扩容时，Go map 并不会马上把所有旧桶迁移完，而是：

分配一份新的 bucket 数组（oldbuckets 和 newbuckets 并存）；
设置 oldbuckets 指针指向旧桶；
在后续的 每次写入操作（插入/删除）中，顺便“搬一两个旧桶”的数据到新桶中；
迁移的数据会被重新计算 hash 值并分配到新桶；
同时维护一个 nevacuate 指针记录迁移进度，当 nevacuate 指向了所有旧桶的末尾，说明所有桶都搬迁完毕。
当所有旧桶都迁移完毕后，map 会把旧桶释放，指针 oldbuckets 清空。才切换为新桶数组。
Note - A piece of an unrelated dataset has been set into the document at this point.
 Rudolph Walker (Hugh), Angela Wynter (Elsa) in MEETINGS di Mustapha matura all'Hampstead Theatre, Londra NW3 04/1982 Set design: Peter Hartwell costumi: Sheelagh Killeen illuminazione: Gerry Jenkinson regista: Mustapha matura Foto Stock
在 map 渐进扩容过程中，如何判断一个旧桶的 key 应该迁移到新桶的哪个桶中？

在 Go 的 map 中，扩容时新桶数量 = 旧桶数量 × 2（增量扩容）。

因此：一个旧桶中的 key-value 对只可能被迁移到两个新桶中的一个。

判断规则是：对于旧桶中每个 key，根据 hash 值重新计算位置，看是落到原桶 b，还是 b + oldBucketCount。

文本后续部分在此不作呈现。